▶ **TASK GOAL**: Leave out the pictures, and print exactly the lines from the one holding "Bavarian Warmblood, Mare, Foal" through the last line of the material.

▶ **DATA SHOWN**:
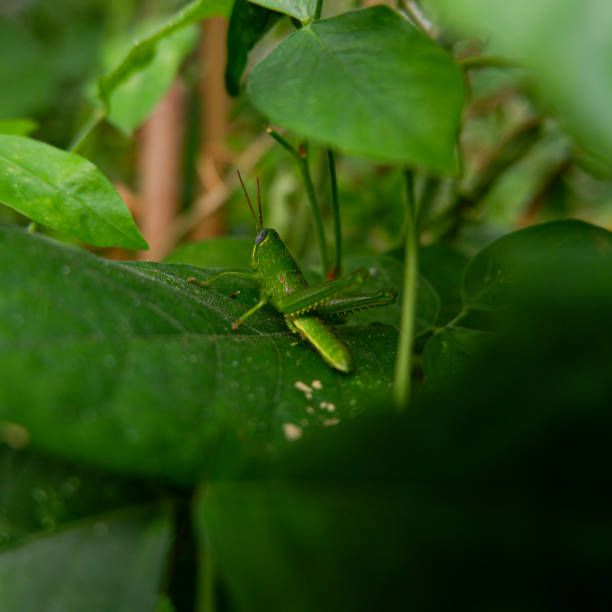 istock green grasshopper on green leaves 1339477909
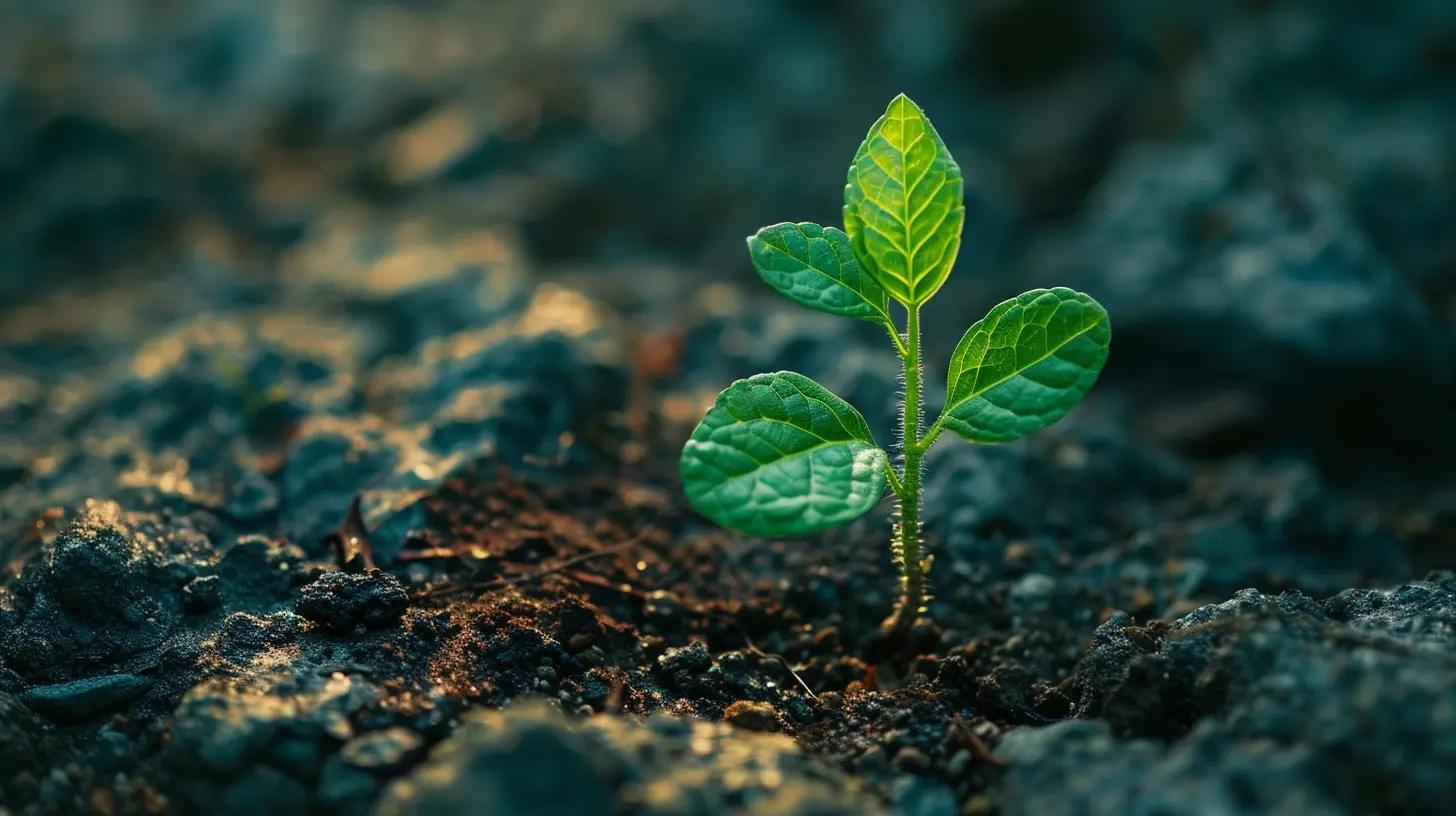 Key Financial Strategies for Growing Startups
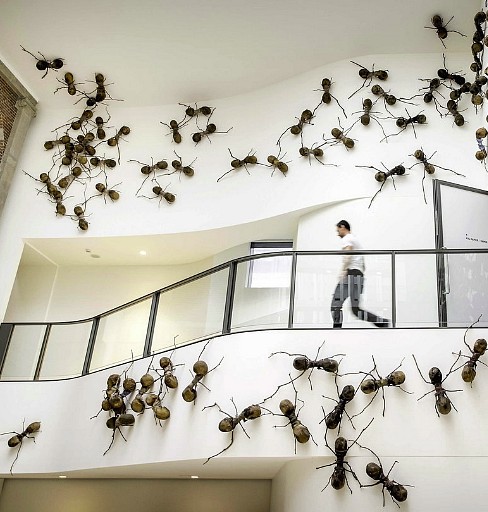 invasion fourmis Paris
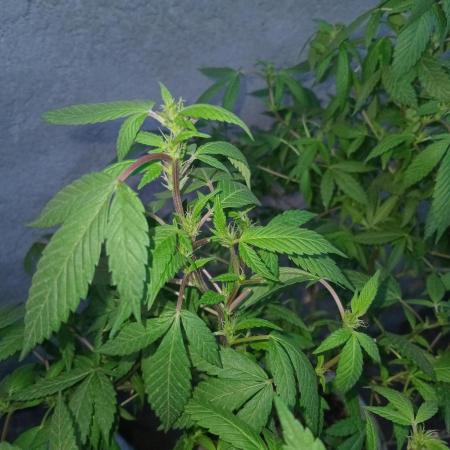 MOBY DICK-BARNEYS FARM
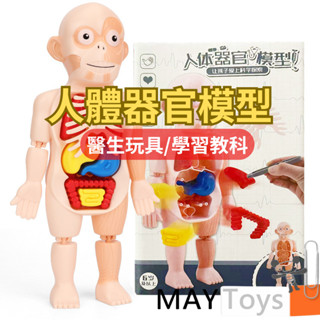 【美美家小舖】人體器官模型 人體模型 學習教具 人體器官 兒童玩具 醫生玩具 人體玩具 解剖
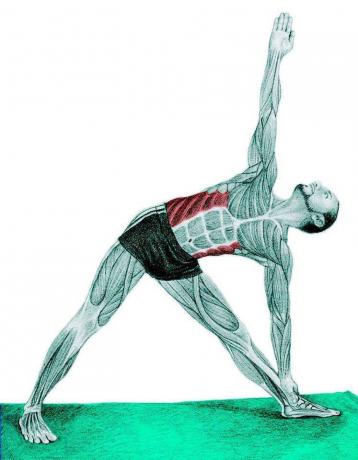 Anatomia stretching: Triangle Pose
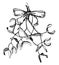 Mistletoe Sprig with Bow vintage illustration
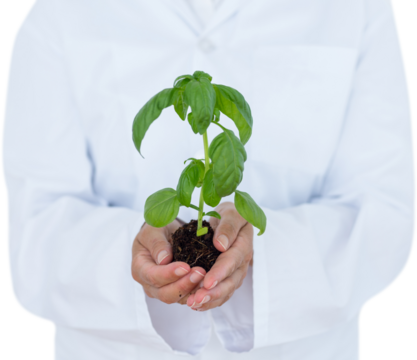 Scientist holding basil plant - Powered by Adobe
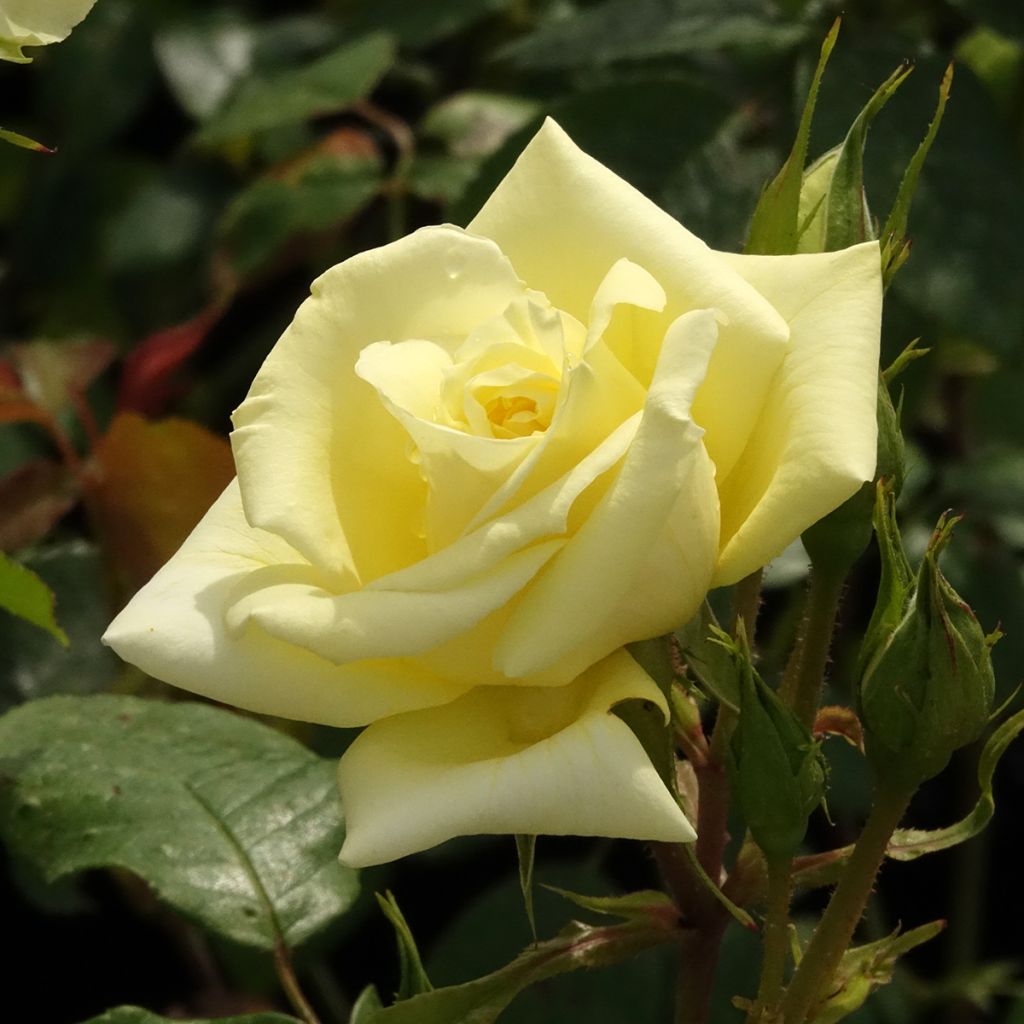 Rosier à grandes fleurs Eleganza Limona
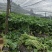 有需要山葵杆的山葵叶子联系我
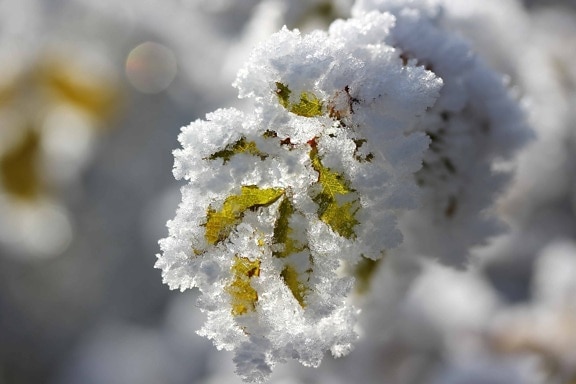снежинка, макро, детали, снег, дерево, природа, зима, Мороз, флора, цветок, филиал
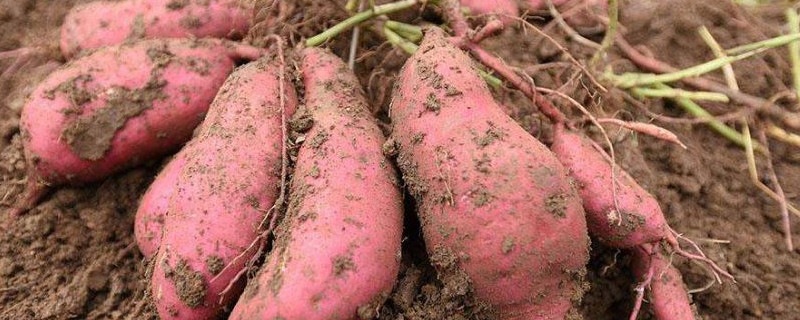 挖红薯的季节 几月份挖红薯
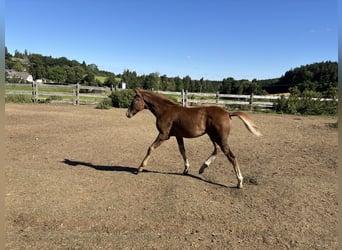 Bavarian Warmblood, Mare, Foal (05/2025), 16,2 hh, Chestnut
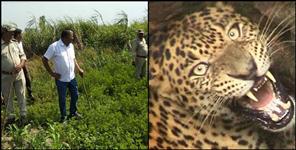 image: leopard attack women in rudraprayag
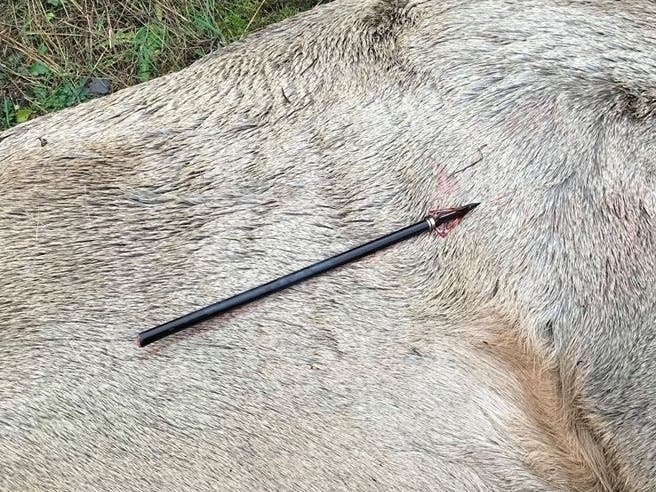 Three elk found within close proximity of each other were killed by arrows, investigators said.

▶ **WORKED SOLUTION**:
 Bavarian Warmblood, Mare, Foal (05/2025), 16,2 hh, Chestnut
 image: leopard attack women in rudraprayag
 Three elk found within close proximity of each other were killed by arrows, investigators said.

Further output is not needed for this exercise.